Przekazał, że akt notarialny w tej sprawie został podpisany w środę. - To mieszkanie, tak jak służyło przez wiele lat za moją sprawą panu Jerzemu (…), tak w kolejnych dekadach będzie służyć osobom bezdomnym - zapewnił.
Według Nawrockiego, w akcie notarialnym zapisano, że Jerzy Ż. może do końca życia korzystać z lokalu.
- Proszę sobie zdać sprawę, że to człowiek, który kilkanaście lat mógł liczyć na moją pomoc. Nawet jak byłem daleko poza granicami państwa polskiego, to moi koledzy mu pomagali. Ten człowiek został wyizolowany przez pracowników opieki społecznej i DPS-u. Ci, którzy przeszukiwali jego dokumenty z miasta Gdańska, nie zadzwonili do mnie - stwierdził Nawrocki.
- Więc pytanie odnosi się do tego, czemu ci ludzie wzięli za zakładnika sporu politycznego człowieka, który kilkanaście lat mógł liczyć na to, że po każdym telefonie do mnie załatwię każdą jego sprawę - dodał.
Dalsza część artykułu pod materiałem wideo
Zobacz też: Żukowska uderza w Tuska. "Zastopował wiele rzeczy przed wyborami"
Afera mieszkaniowa Nawrockiego
Sprawa mieszkania kandydata na prezydenta popieranego przez PiS to pokłosie publikacji portalu Onet, który ujawnił, że wbrew wcześniejszej deklaracji Nawrocki nie jest właścicielem jednego, a dwóch mieszkań. Poza mieszkaniem w Gdańsku, w którym mieszka z rodziną, posiada w Gdańsku również kawalerkę.
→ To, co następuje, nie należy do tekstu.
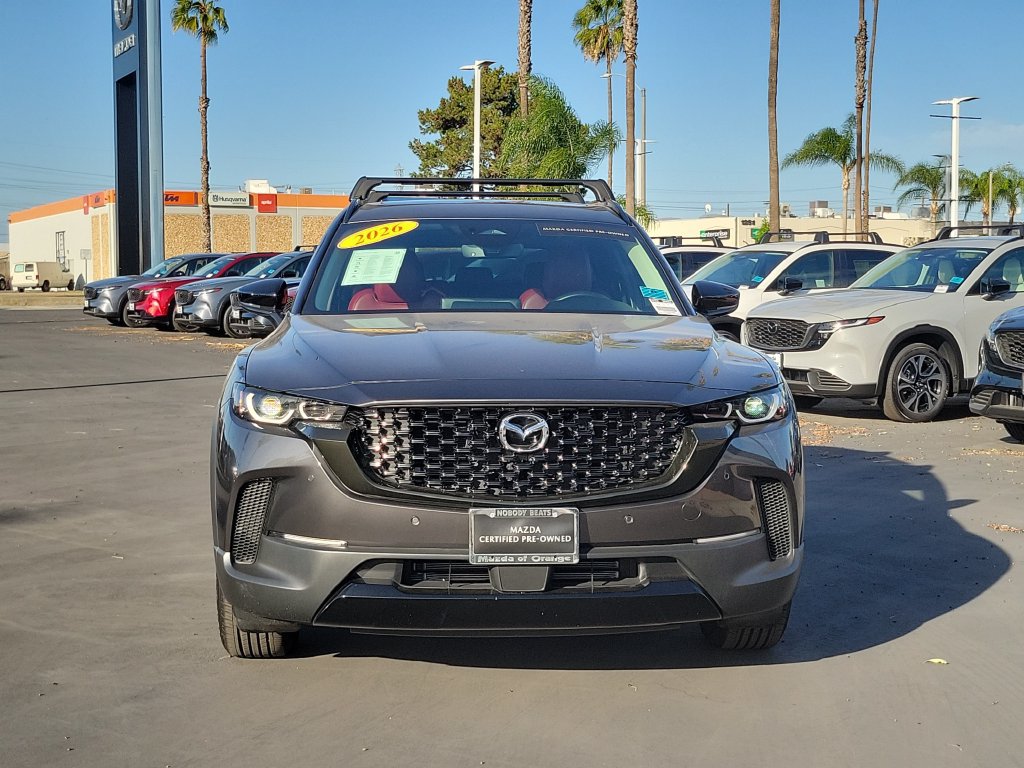 Certified 2026 MAZDA CX-50 AWD 2.5 Hybrid w/ Weather Package image 29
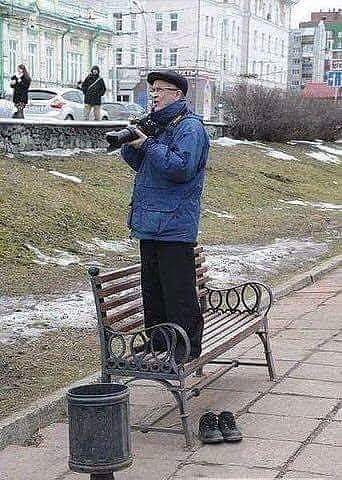 Воспитание, что тут скажешь!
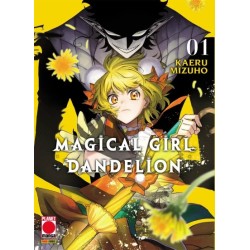  MAGICAL GIRL DANDELION 1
Kilka dni później portal podał, że w 2017 roku Jerzy Ż. - ówczesny właściciel kawalerki - przekazał ją Nawrockiemu i jego żonie w zamian za opiekę i utrzymanie, czyli na zasadzie umowy dożywocia, jednak mężczyzna trafił do Domu Opieki Społecznej.
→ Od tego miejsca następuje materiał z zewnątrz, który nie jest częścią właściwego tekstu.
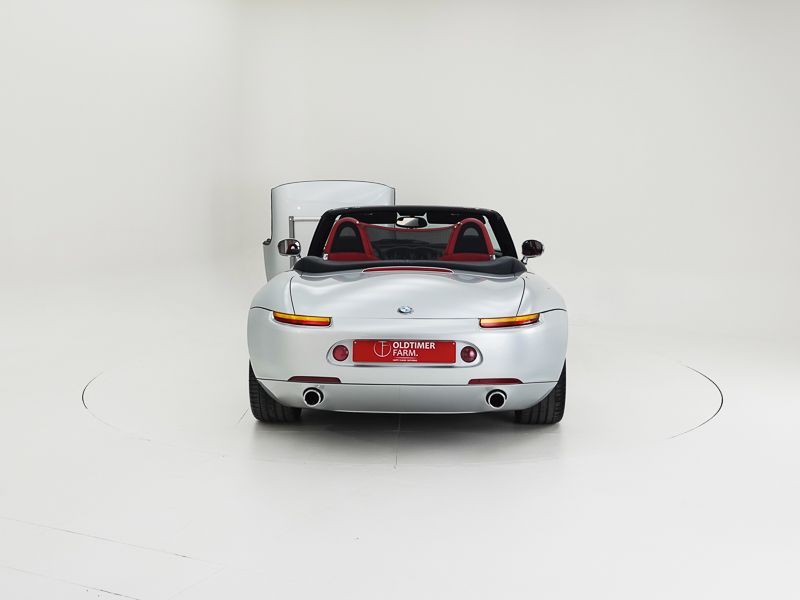 BMW Z8 '2000 5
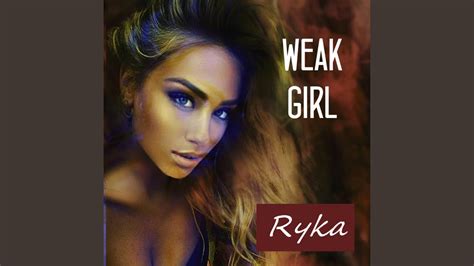 weak girl youtube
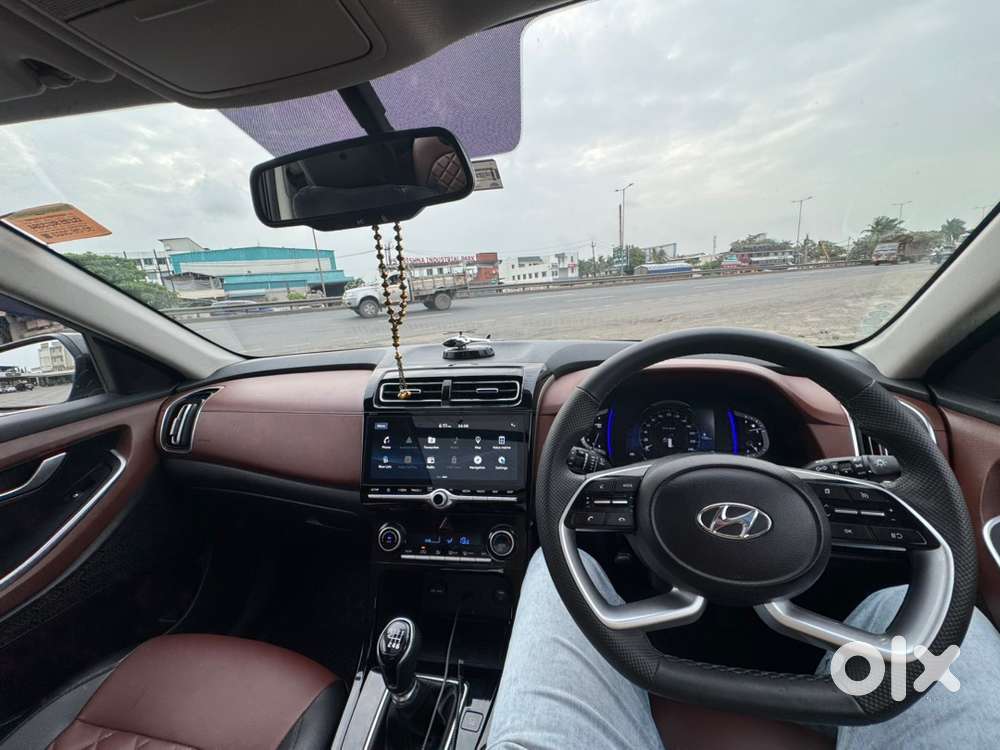 Hyundai Alcazar Diesel 2023
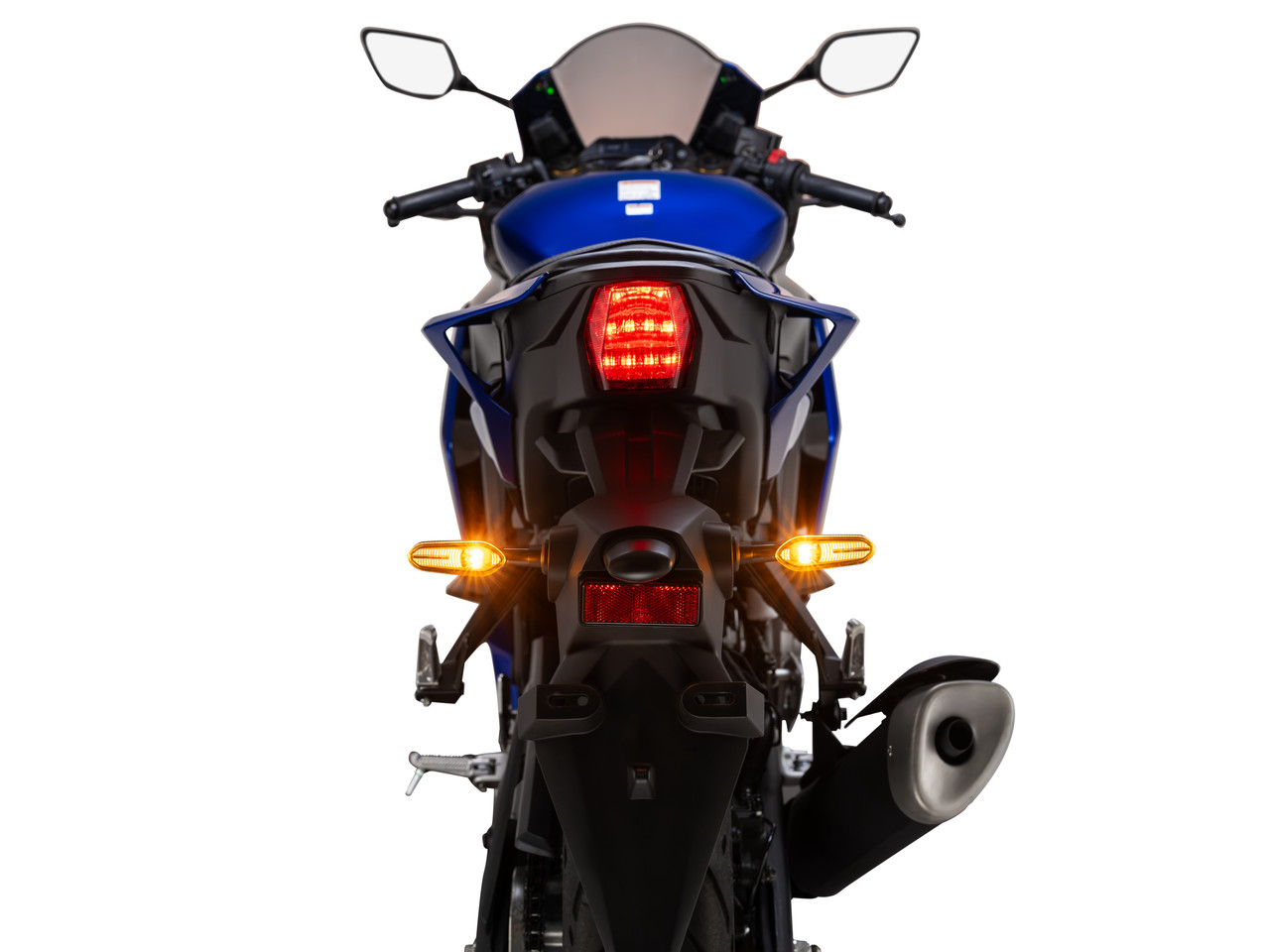 Yamaha R3 2027 - Divulgação Yamaha R3 2027 - Divulgação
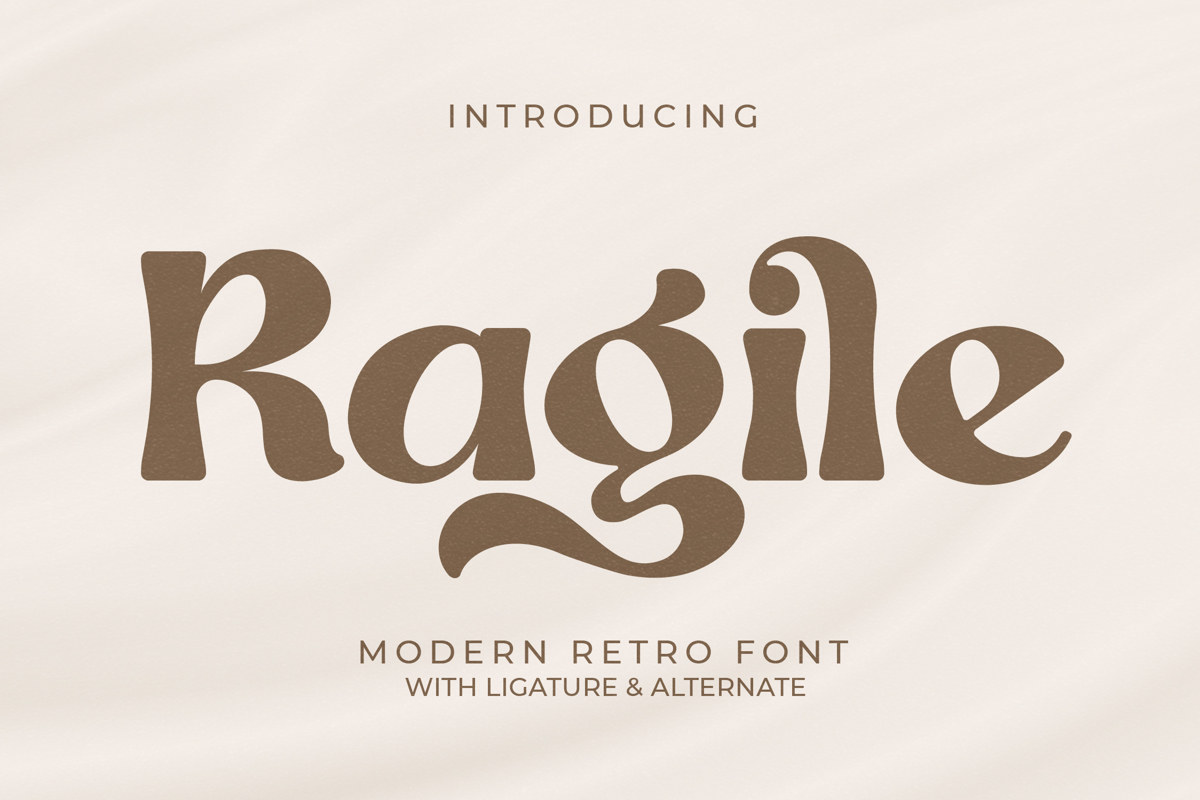 Ragile Font - Free Download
Pracownica opieki społecznej, która opiekowała się Jerzym Ż. od wiosny 2022 r. do wiosny 2023 r., powiedziała Onetowi m.in., że "pan Jerzy żył w nędzy" i "praktycznie nic nie miał", że próbowała się dowiedzieć od Nawrockiego, dlaczego nie pomaga emerytowi, skoro przejął jego mieszkanie i wysłała w tej sprawie do niego list.
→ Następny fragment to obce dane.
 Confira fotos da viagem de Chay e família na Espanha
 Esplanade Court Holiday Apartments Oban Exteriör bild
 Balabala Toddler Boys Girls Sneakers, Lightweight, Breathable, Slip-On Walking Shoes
W odpowiedzi na te doniesienia Nawrocki opublikował w internecie złożone przez niego jako prezesa IPN oświadczenie majątkowe z 2021 r., w którym wymienił dwa mieszkania własnościowe, które posiada z żoną, oraz 50-procentowy udział w mieszkaniu jego żyjącej matki.
Zdaniem Nawrockiego nabycie przez niego kawalerki w Gdańsku "dokonało się w pełni zgodnie z prawem". W ubiegłym tygodniu mówił, że kwestia pomocy udzielanej przez niego Jerzemu Ż. i nabycie mieszkania to oddzielne sprawy i że w kwestii mieszkania nie ma sobie nic do zarzucenia.
Nawrocki poinformował też, że przekaże kawalerkę w Gdańsku na cele charytatywne. Podczas poniedziałkowej telewizyjnej debaty kandydatów na prezydenta, Nawrocki oświadczył, że "pomógł człowiekowi", kupił od niego mieszkanie i przekazał je ostatecznie na cele charytatywne. Zapewnił, że po zakupieniu mieszkania nadal brał odpowiedzialność za Jerzego Ż.